His first venture – a small bicycle repair shop at Belgaum. The road on which he started the shop, is today named as Kirloskar Road. Strongly believing that agricultural implements must fit the milieu they are used in, he manufactured iron ploughs, the first Kirloskar products.

He established a small unit in the former Maratha empire for production of Chaff-cutters and manufacture of iron ploughs. In the early days, Kirloskar had to meet with opposition from farmers who believed that iron ploughs were poison to the land and make it useless. Superstitious farmers were extremely hard to convince and Laxmanrao Kirloskar took two years to sell his first iron ploughs. Laxmanrao Kirloskar could not find a suitable place for his workshop; help came from the Ruler of Aundh who offered him a place and arranging loan of seventeen thousand Indian rupees. In 1910, Laxmanrao started his factory in an arid waste land by the side of a renowned railway station, named Kundal Road. The factory now known as famous Kirloskar Industries and the station called as Kirloskarwadi. Laxmanrao Kirloskar was not only an industrialist but also a great social reformer. When blind orthodoxy was rampant in rural area, he advocated the removal of untouchability. He banned untouchability in the township that he had established at Kirloskarwadi which is in Palus . He believed in social reform and trusted in the goodness of man. He employed ex-convicts as night watchman.

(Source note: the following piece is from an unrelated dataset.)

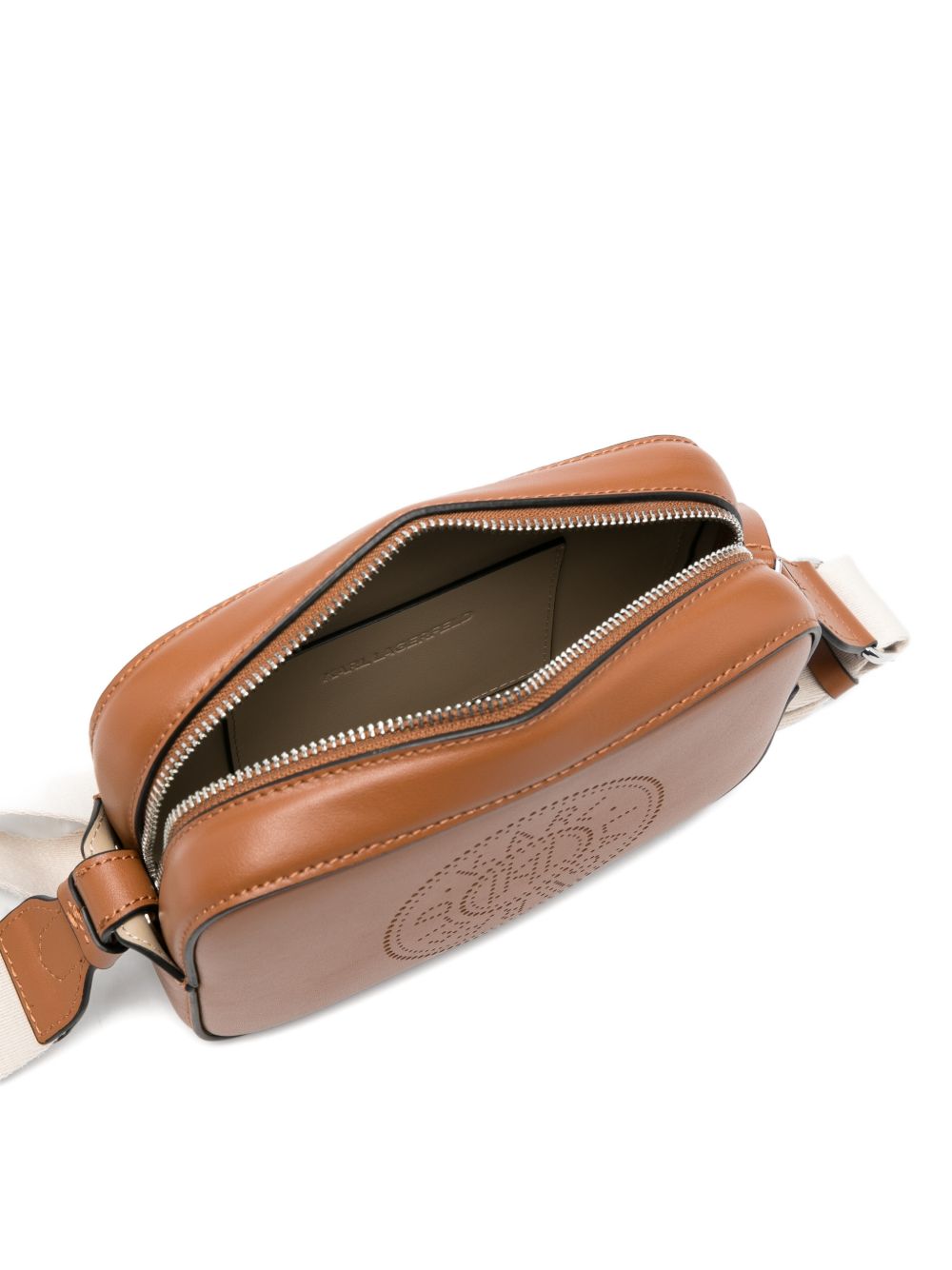 Mini borsa a tracolla in pelle con design perforato A3W30310NN 5047 KARL LAGERFELD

He had read about industrial townships in Europe and America where the owners of industries had built communities for the employees. His dream was to build his own industry and community for his employees; he realized this dream with Kirloskarwadi, a place where he started the Kirloskar Brothers Limited factory in 1910.

==Personal life==
Laxmanrao was married to Radhabai and had five children with her, sons Shantanurao, Rajaram, Prabhakar, Ravindra and a daughter.

==Legacy==
Departments of Posts, Union Government of India issued a postal stamp for Laxmanrao Kirloskar on 20 June 1969 marking 100 years of birth anniversary. A lake and a road in Model Colony, Shivajinagar, Pune is also named after him, as Lakaki lake and Lakaki road, after his initials.